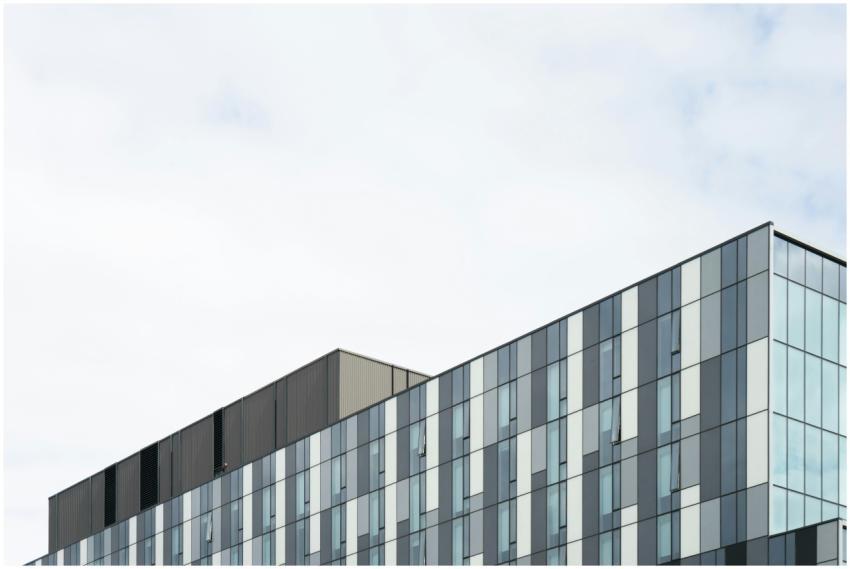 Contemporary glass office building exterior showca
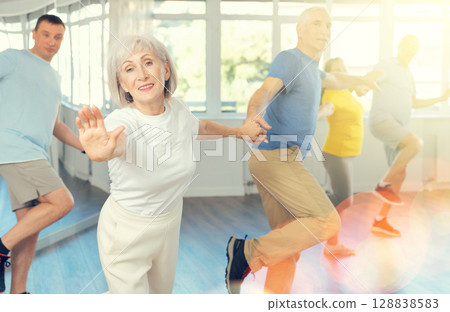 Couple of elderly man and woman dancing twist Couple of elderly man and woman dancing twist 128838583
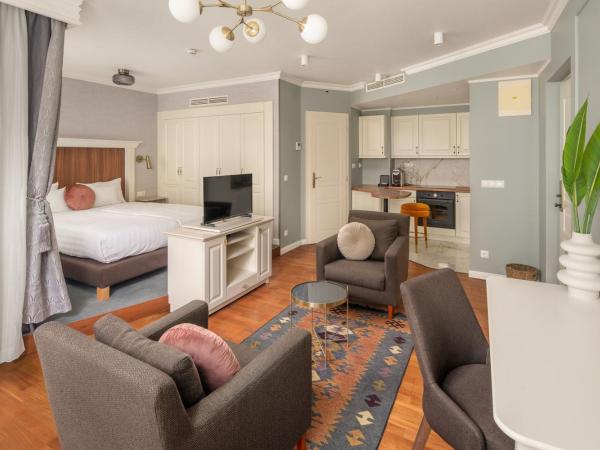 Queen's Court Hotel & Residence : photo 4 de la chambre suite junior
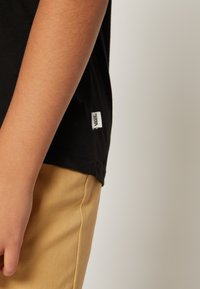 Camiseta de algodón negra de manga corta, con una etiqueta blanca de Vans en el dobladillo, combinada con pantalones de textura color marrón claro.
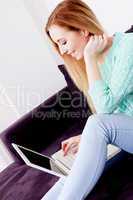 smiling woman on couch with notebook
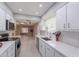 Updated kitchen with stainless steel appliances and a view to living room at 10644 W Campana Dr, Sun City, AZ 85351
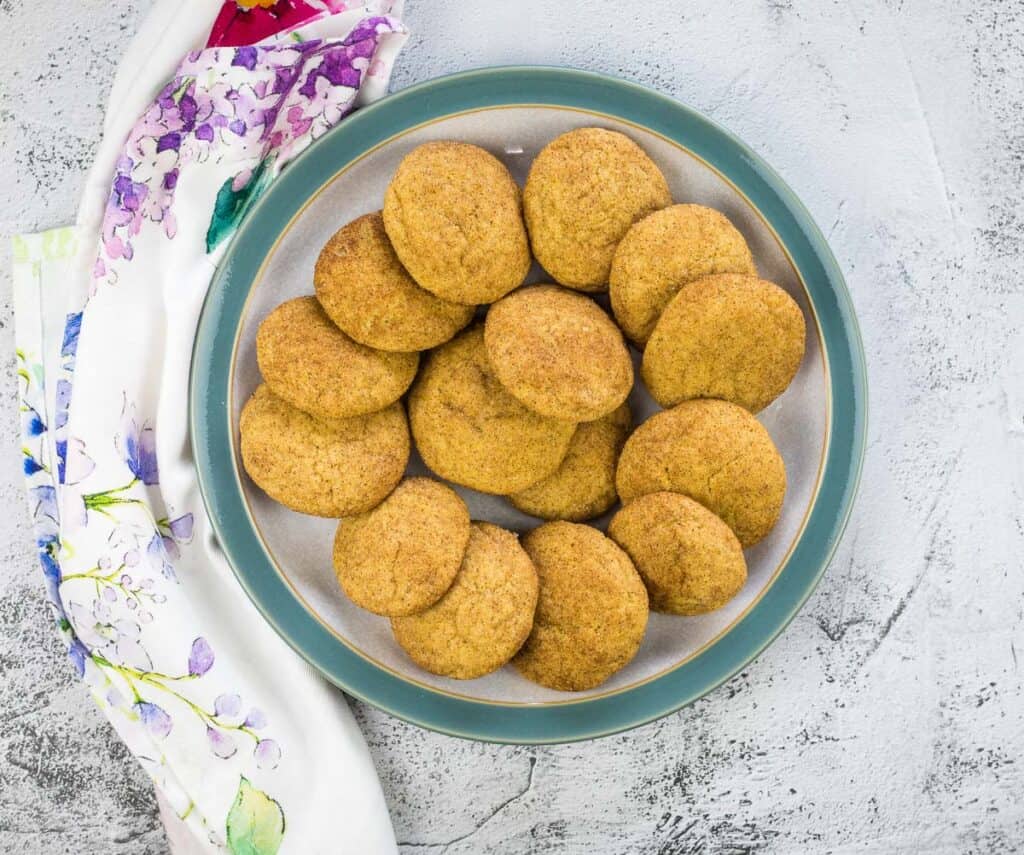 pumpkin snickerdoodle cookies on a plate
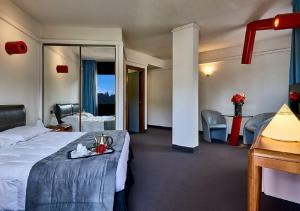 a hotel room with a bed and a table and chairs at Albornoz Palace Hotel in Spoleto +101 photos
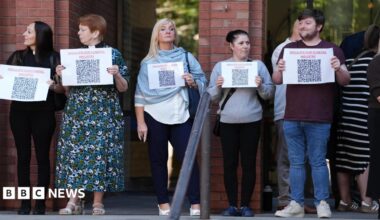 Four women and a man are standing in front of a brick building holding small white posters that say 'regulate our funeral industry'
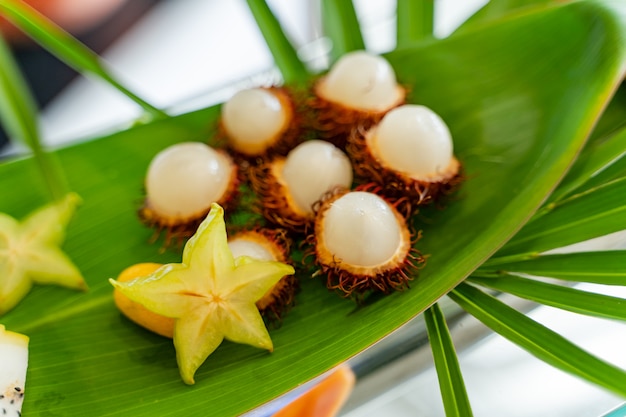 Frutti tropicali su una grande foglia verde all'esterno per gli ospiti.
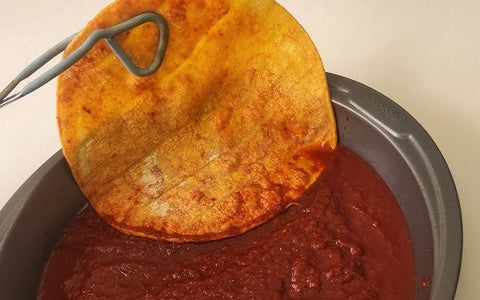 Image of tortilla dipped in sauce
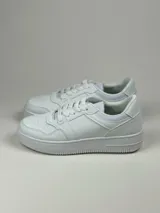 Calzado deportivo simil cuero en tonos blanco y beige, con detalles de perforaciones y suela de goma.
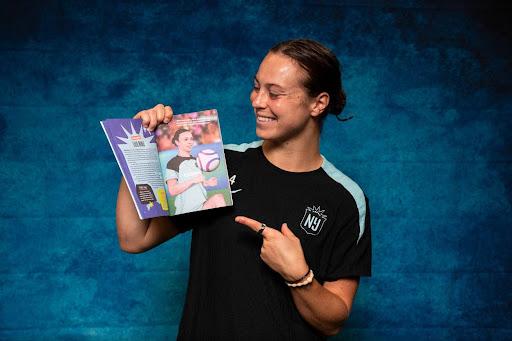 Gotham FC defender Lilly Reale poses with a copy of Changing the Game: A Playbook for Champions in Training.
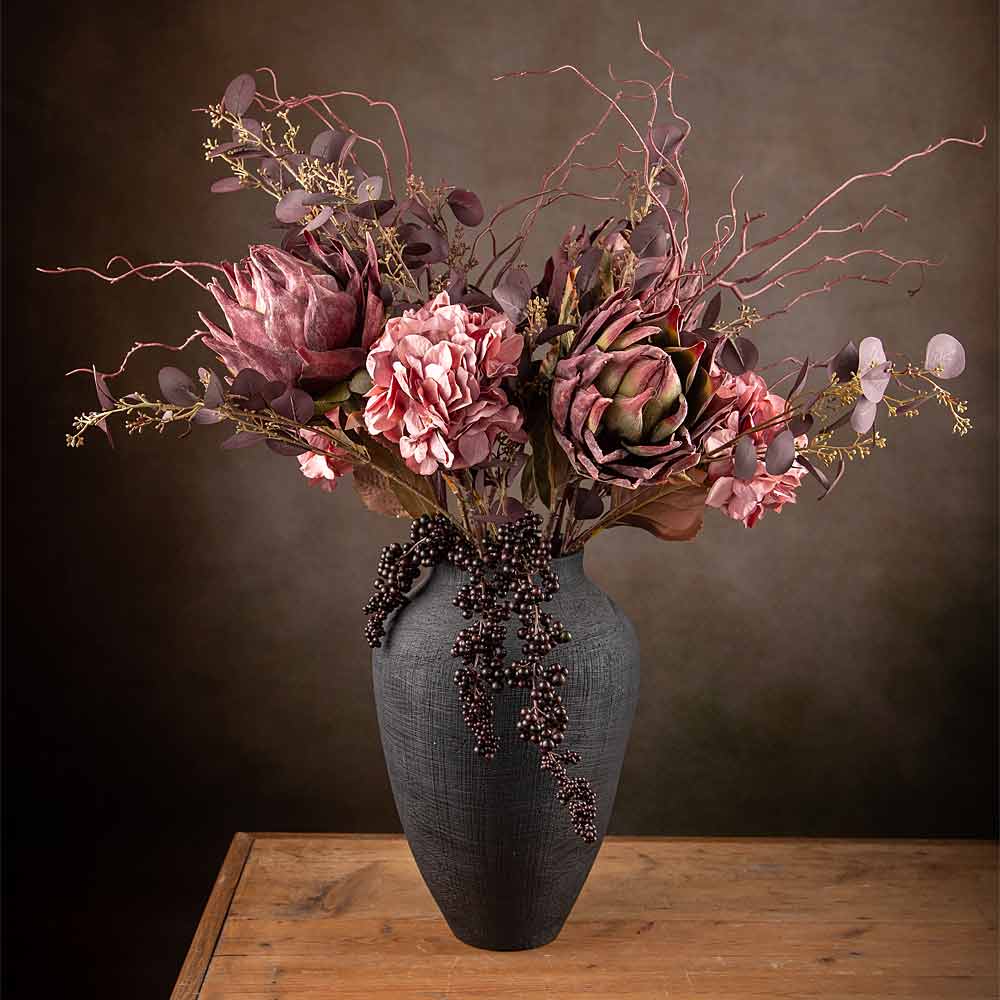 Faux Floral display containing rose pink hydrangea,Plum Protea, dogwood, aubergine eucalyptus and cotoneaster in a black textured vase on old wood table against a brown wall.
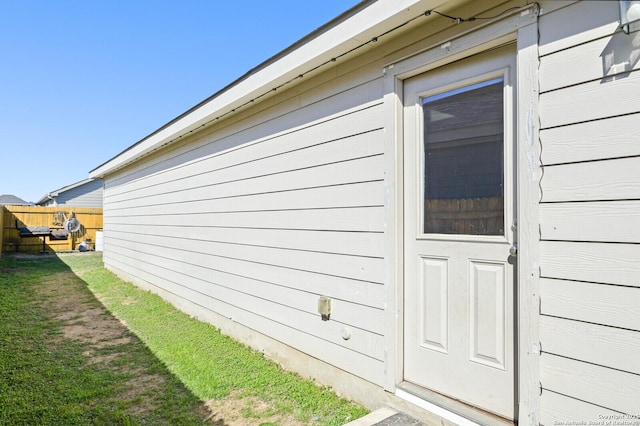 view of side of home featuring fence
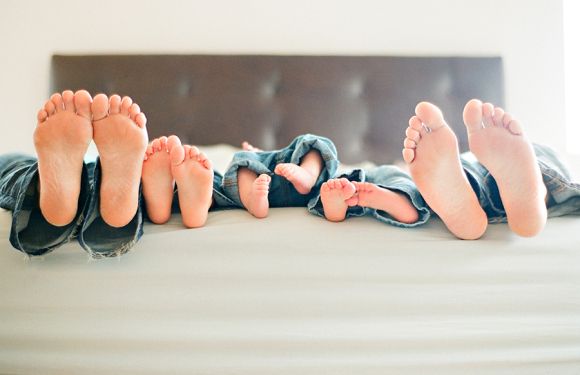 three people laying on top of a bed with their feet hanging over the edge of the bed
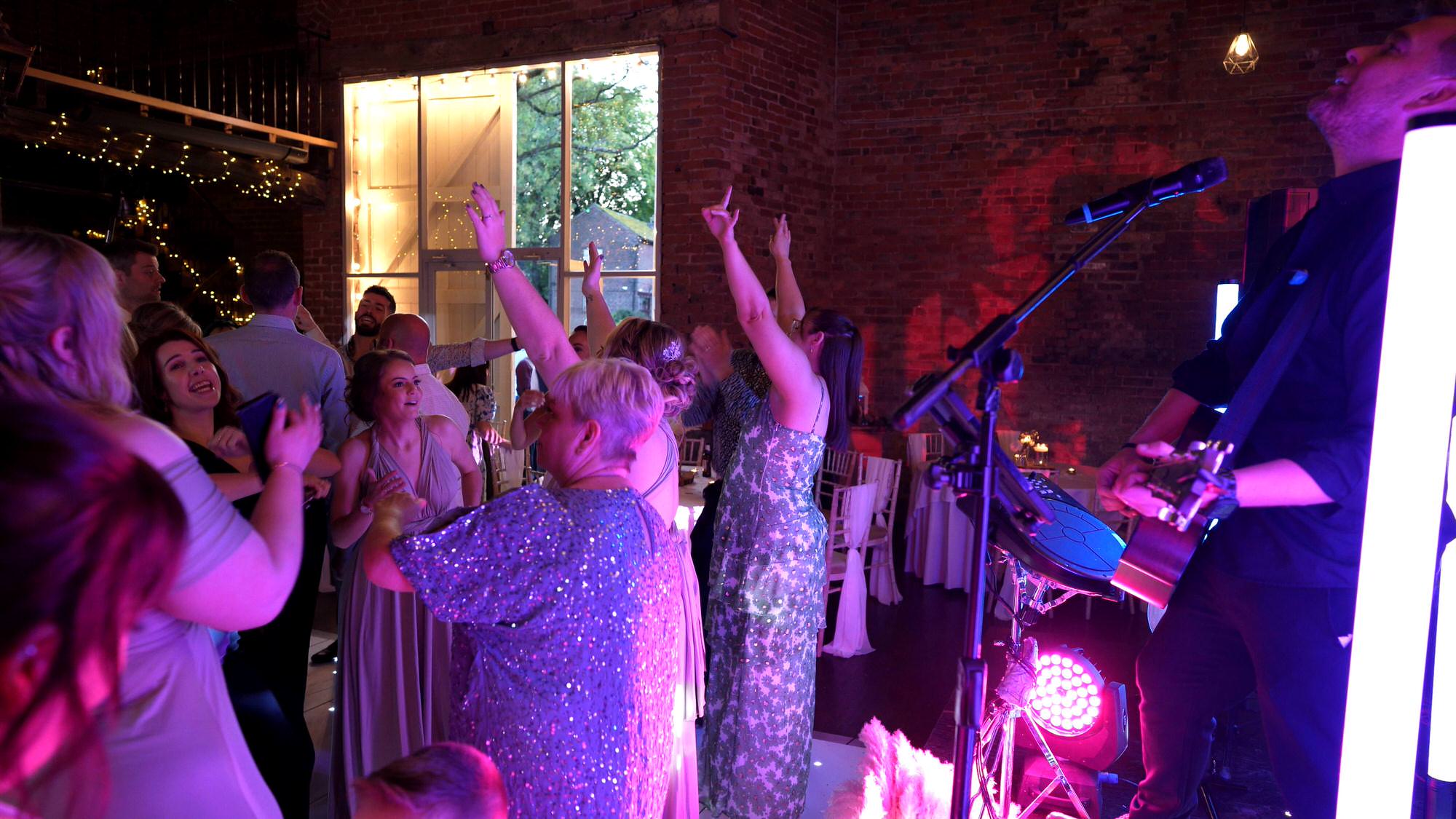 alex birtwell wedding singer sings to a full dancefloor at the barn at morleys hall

» DESCRIPTION OF THE TASK
Please leave out the pictures while you copy exactly the lines from the one containing "Faux Floral display" through the end of the records.

» SOLUTION TO THE EXERCISE
 Faux Floral display containing rose pink hydrangea,Plum Protea, dogwood, aubergine eucalyptus and cotoneaster in a black textured vase on old wood table against a brown wall.
 view of side of home featuring fence
 three people laying on top of a bed with their feet hanging over the edge of the bed
 alex birtwell wedding singer sings to a full dancefloor at the barn at morleys hall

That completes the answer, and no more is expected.